Grundlagen für den produktorientierten Haushalt bilden die Erlös- und Kosteninformationen für die Fach- und Servicebereiche. Diese sind der landesweiten Kosten- und Leistungsrechnung (KLR) entnommen. Die KLR liefert somit wesentliche Daten für das Controlling als behördeninternes und behördenübergreifendes Informationssystem.

2 Prüfungsergebnisse
Der Rechnungshof hat erstmals in einem Ressort umfassend alle Daten aus den im SAP-System vorhandenen Informationen der NSI ausgewertet. Die KLR des Sozialministeriums wurde im Hinblick auf Ressourceneinsatz, Produktinformationen und Datenqualität untersucht. Sie besteht aus folgenden Elementen:
- Kostenartenrechnung: Sie zeigt den Verbrauch der Ressourcen, wie z. B. Personal- und Sachkosten auf,
- Kostenstellenrechnung: Sie ordnet den Ressourcenverbrauch den jeweiligen Verantwortungsbereichen zu und
- Kostenträgerrechnung: Sie ordnet den Ressourcenverbrauch einzelnen Produkten zu.
Die Kostenträger sind in einem landesweiten Produktkatalog gegliedert. Der landesweite Produktkatalog bildet sämtliche Aufgaben der Landesverwaltung in Fachbereichen ab und zeigt, was die Erledigung der Aufgaben das Land kostet. Sechs Fachbereiche bilden das Aufgabenfeld des Sozialministeriums:
- Arbeit,
- Soziale Sicherungssysteme,
- Soziales,
- Gesundheit,
- Frauen, Familie, Kinder und Jugendliche und
- Prüfungswesen in der Sozialversicherung.
Die Fachbereiche gliederten sich 2009 in 229 behördeninterne Produkte für Fachaufgaben und Förderprogramme.
Das Sozialministerium verfügte gemäß der Landeshaushaltsrechnung für 2007 bis 2009 im Einzelplan 09 über ein Haushaltsvolumen von jeweils knapp 2 Mrd. Euro. 2009 entfielen davon 1,3 Mrd. Euro auf Förderprogramme.
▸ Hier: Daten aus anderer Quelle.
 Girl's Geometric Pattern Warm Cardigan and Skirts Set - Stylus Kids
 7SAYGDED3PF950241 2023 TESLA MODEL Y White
Bei diesem Haushaltsvolumen wurden Fehlbuchungen (Pkt. 2.1, 2.2 und 2.4) in
- 2007 von 279 Mio. Euro,
- 2008 von 213 Mio. Euro und
- 2009 von 134 Mio. Euro festgestellt.
Damit wurden jährlich im Durchschnitt 11 Prozent des Haushaltsvolumens in der KLR falsch gebucht.
2.1 Fehlbuchung von Zuschüssen
Von 2007 bis 2009 wurden jährlich zwischen 8 und 13 Mio. Euro Fördermittel- und Transferausgaben (Zuschüsse) auf Kostenstellen statt auf Kostenträger (Produkte) gebucht. Die Zuschüsse wurden über die Umlage der Kostenstellen auf die Produkte verteilt und damit in den Auswertungen als Verwaltungskosten ausgewiesen. Dadurch waren viele Auswertungsergebnisse nicht verwertbar.
So wurden z. B. von den zehn kostenintensivsten Produkten allein sieben Produkte nur wegen der Fehlbuchung dieser Zuschüsse als besonders kostenintensiv ausgewiesen.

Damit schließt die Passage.